La répression contre l’Église nicaraguayenne n’est pas nouvelle. Depuis 2018, plus de 50 religieux ont été expulsés, et au moins 74 ont été emprisonnés. Le Colectivo Nicaragua Nunca Más, une ONG basée au Costa Rica, a rapporté que 35 religieux ont même été privés de leur nationalité. José María Tojeira, porte-parole des jésuites en Amérique centrale, a dénoncé la répression contre la foi chrétienne dans la région : « Je n’ai jamais vu dans la région une persécution aussi systématique à l’encontre de la foi chrétienne », a-t-il affirmé.

Face à ces persécutions, la Fondation pour la Liberté de Nicaragua a appelé la communauté internationale à dénoncer cette répression et à exiger le respect de la liberté religieuse. L’opposant en exil Lesther Alemán a qualifié l’exil de Monseigneur Herrera de « acte lâche de la dictature contre l’Église », soulignant que « l’exil arbitraire et clandestin de Monseigneur Herrera continue de mettre en lumière la persécution de l’Église catholique par la dictature ».

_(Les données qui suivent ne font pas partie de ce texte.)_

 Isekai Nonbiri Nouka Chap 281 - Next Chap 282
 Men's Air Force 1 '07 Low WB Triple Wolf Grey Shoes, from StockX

Cette nouvelle expulsion s’ajoute à une série de répressions qui ont également touché les journalistes, les activistes et les opposants politiques, alors que le gouvernement de Daniel Ortega continue d’étouffer toute forme de dissidence.

Le Conseil des droits de l’homme de l’ONU devrait prochainement présenter son rapport sur la situation au Nicaragua, ce qui met encore davantage en lumière la violence du régime et ses violations des droits humains.